Developer's Guide to Oracle® Solaris 11 Security

Exit Print View

 
Updated: July 2014
 
 

GSS-API Data Types

The following sections explain the major GSS-API data types. For information on all GSS-API data types, see GSS-API Data Types and Values.

GSS-API Integers

Because the size of an int can vary from platform to platform, GSS-API provides the following integer data type:OM_uint32which is a 32–bit unsigned integer.

Strings and Similar Data in GSS-API

Because GSS-API handles all data in internal formats, strings must be converted to a GSS-API format before being passed to GSS-API functions. GSS-API handles strings with the gss_buffer_desc structure: 

typedef struct gss_buffer_desc_struct {
     size_t     length;
     void       *value;
}  gss_buffer_desc *gss_buffer_t;

gss_buffer_t is a pointer to such a structure. Strings must be put into a gss_buffer_desc structure before being passed to functions that use them. In the following example, a generic GSS-API function applies protection to a message before sending that message.

Example 4-1  Using Strings in GSS-API
char *message_string;
gss_buffer_desc input_msg_buffer;

input_msg_buffer.value = message_string;
input_msg_buffer.length = strlen(input_msg_buffer.value) + 1;

gss_generic_function(arg1, &input_msg_buffer, arg2...);

gss_release_buffer(input_msg_buffer);

Note that input_msg_buffer must be deallocated with gss_release_buffer() when you are finished with input_msg_buffer.

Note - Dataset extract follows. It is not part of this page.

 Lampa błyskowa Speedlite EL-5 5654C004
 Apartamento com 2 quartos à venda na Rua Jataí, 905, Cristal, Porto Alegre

The gss_buffer_desc object is not just for character strings. For example, tokens are manipulated as gss_buffer_desc objects. See GSS-API Tokens for more information.

Names in GSS-API

A name refers to a principal. In network-security terminology, a principal is a user, a program, or a machine. Principals can be either clients or servers.

    Some examples of principals are:

  • A user, such as user@machine, who logs into another machine

  • A network service, such as nfs@machine

  • A machine, such as myHost@example.com, that runs an application

In GSS-API, names are stored as a gss_name_t object, which is opaque to the application. Names are converted from gss_buffer_t objects to the gss_name_t form by the gss_import_name() function. Every imported name has an associated name type, which indicates the format of the name. See GSS-API OIDs for more about name types. See Name Types for a list of valid name types.

gss_import_name() has the following syntax:

OM_uint32 gss_import_name (
       OM_uint32          *minor-status,
       const gss_buffer_t input-name-buffer,
       const gss_OID      input-name-type,
       gss_name_t         *output-name)
minor-status

Status code returned by the underlying mechanism. See GSS-API Status Codes.

input-name-buffer

The gss_buffer_desc structure containing the name to be imported. The application must allocate this structure explicitly. See Strings and Similar Data in GSS-API as well as Example 4–2. This argument must be deallocated with gss_release_buffer() when the application is finished with the space.

input-name-type

A gss_OID that specifies the format of input-name-buffer. See Name Types in GSS-API. Also, Name Types contains a table of valid name types.

output-name

The gss_name_t structure to receive the name.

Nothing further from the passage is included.